Dazu hat der Egerländer den „Gregor-Mendel-Kreis“ ins Leben gerufen. Er und seine knapp zehn Mitstreiter verstehen sich als „grüne Sudetendeutsche“ und wollen innerhalb der Sudetendeutschen Landsmannschaft (SL) einen Denkprozeß auslösen. Daß dies nicht einfach ist, mußte Bundestagsvizepräsidentin Antje Vollmer beim 46. Sudetendeutschen Tag in München an Pfingsten erleben. Vergeblich bat sie ums Wort, mußte sich Pfiffe und rüde Anschuldigungen gefallen lassen. Sie wollte die Sudetendeutschen vor die Entscheidung stellen, „zurück in ein Land, das es nicht mehr gibt, und zu Ansprüchen, die niemand erfüllen wird, oder vorwärts in ein neu zu gestaltendes Mitteleuropa“ – doch das wollte niemand hören. Für Karlheinz Wunderlich ist klar: Er will kein Zurück. Dennoch müßten seiner Meinung nach die Tschechen „die Vertreibung als ein völkerrechtswidriges Unrecht“ anerkennen und die Beneš-Dekrete, die die Enteignung der Sudetendeutschen regelten, für ungültig erklären: „Auf dem Hintergrund der Geschehnisse in Ex-Jugoslawien kann man Vertreibungen einfach nicht akzeptieren.“

Im Gegensatz zur SL fordert der Gregor-Mendel-Kreis von den Tschechen keinerlei Entschädigung. „Leuten, die nichts haben, kann ich nichts wegnehmen, das wäre doch unmenschlich, außerdem darf kein neues Unrecht entstehen“, lautet Wunderlichs Leitgedanke. Die Bonner Regierung sollte statt dessen der Tschechischen Republik Wirtschaftshilfe sowie Hilfe für ökologische und kulturelle Projekte gewähren. Als ersten Schritt müßte jedoch die Bundesregierung die 17.000 noch lebenden Opfer der nationalsozialistischen Gewaltherrschaft „angemessen entschädigen“ sowie die Aufnahme der Tschechischen Republik in die Europäische Union vorbehaltlos fördern.

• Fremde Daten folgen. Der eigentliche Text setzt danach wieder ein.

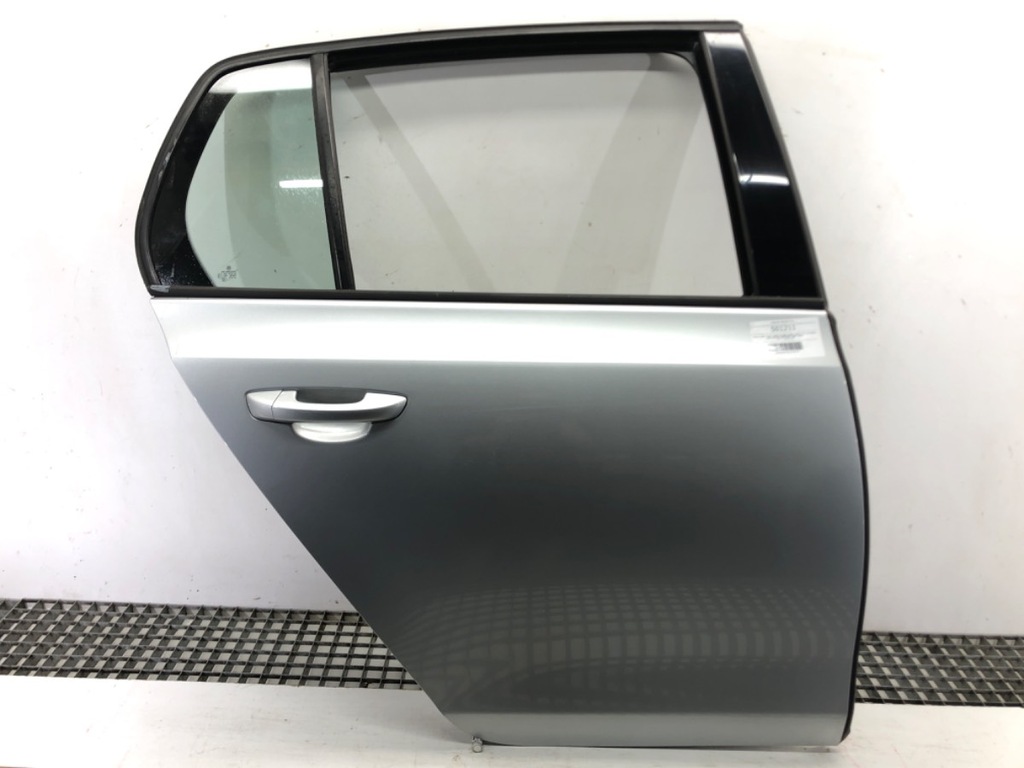 фото №1, Дверь правый задняя vw golf vi хэтчбек 08-14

Damit steht der „Gregor-Mendel-Kreis“ innerhalb der SL allein auf weiter Flur. Nicht nur der Verzicht auf tschechische Entschädigung oder Rückgabe des ehemaligen Besitztums, sondern auch die geforderte Anerkennung der Vertreibung als Folge des Hitler-Faschismus und als Folge der Mitwirkung der Sudetendeutschen an der Unterdrückung des tschechischen Volkes während des Protektorats stößt SL-Funktionären sauer auf.

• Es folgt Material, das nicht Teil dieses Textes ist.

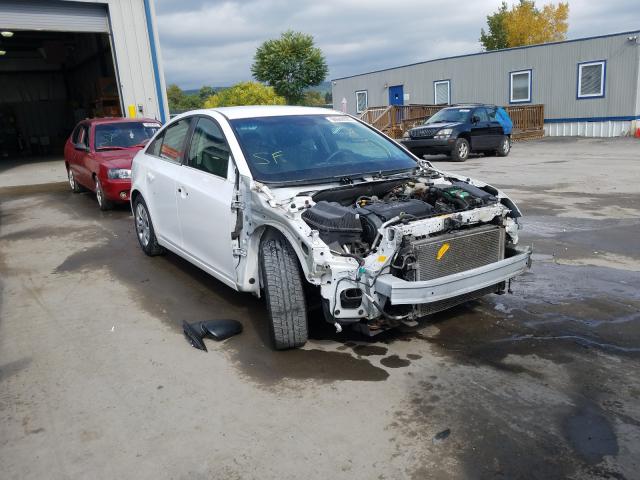 CHEVROLET CRUZE LS 2012 1g1pc5sh3c7342942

Davon will sich Wunderlich nicht abschrecken lassen, erst recht nicht von den maßlosen Forderungen des rechtslastigen Witiko- Bundes. „Das sind doch Leute, die sich wirklich verfolgt fühlen und sich deshalb radikalisiert haben“, analysiert der Psychologe Wunderlich. Er hält Auftreten und Forderungen der Witikonen für schädlich. Mit solchen Positionen verbaue man sich „jede Möglichkeit der Diskussion“.